EIGHT months after he shook the world, causing the biggest upset in boxing history when he stopped Mike Tyson in 10 rounds, James “Buster” Douglas returned to the ring for a $24 million pay-day, defending his undisputed heavyweight crown for the first time.
DOUGLAS won all the belts in Tokyo, scuppering one of the biggest money-spinning matches in boxing.

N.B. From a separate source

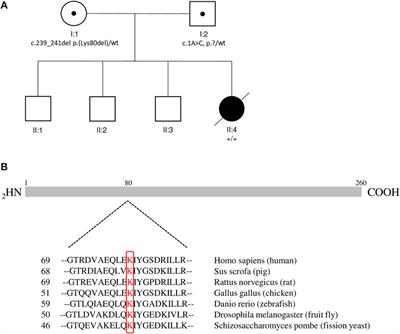 Case Report: DPM1-CDG: Novel Variant with Severe Phenotype and Literature Review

Douglas was thrown in the deep end against Tyson, and he was to be again on October 25 1990, although this time he was guaranteed the biggest purse in boxing history.
HIS opponent that night at the Mirage in Las Vegas was already forging a legendary career, which included a reign as the undisputed cruiserweight champion. “The Real Deal” Evander Holyfield may not have been getting his hands on Tyson just yet, but Douglas was certainly there for the taking.
IT was anything but straight-forward to even get the pair in the ring, as Douglas had recently filed a lawsuit to break his promotional contract with Don King, after King tried to have Douglas’ win over Tyson overturned.
AN out of court settlement was agreed and Douglas would fight Holyfield at the Mirage in Las Vegas, but he had ballooned in weight since the Tyson fight and looked anything but the image of the world heavyweight champion.
STEVE WYNN, the owner of the Mirage who promoted the fight themselves, offered the champion private use of the sauna to get in the shape, but “Buster’s” mind was clearly only interested in one thing, as proven by his $98 food order from room service, whilst he was using it.
THE weight difference was a remarkable 38lbs, with Holyfield at 208lbs looking every inch “The Real Deal”. Douglas had immense ability, but his chronic lack of dedication prevented him from reaching his full potential.
IT was as simple a night’s work as Holyfield could have wished for, as he controlled Douglas like a marionette. He landed 66 of 100 punches – compared to his opponent’s 20 of 69 – before detonating a right cross on Douglas’ chin in the third.
BUSTER made no effort to rise, content to be counted into retirement by referee Mills Lane, whilst Holyfield, who pocketed $8 million, became an undisputed champion at a second weight.
DOUGLAS returned to the ring in 1996, after previously slipping into a diabetic coma, while shockingly overweight. He won eight fights, but the comeback stopped when he was knocked out in a round by Lou Savarese.
HOLYFIELD’S storied career finally came to an end in 2011. A place at Canastota in the Hall of Fame is one of the safest bets you could make and he is rightly regarded as a true legend of the modern era.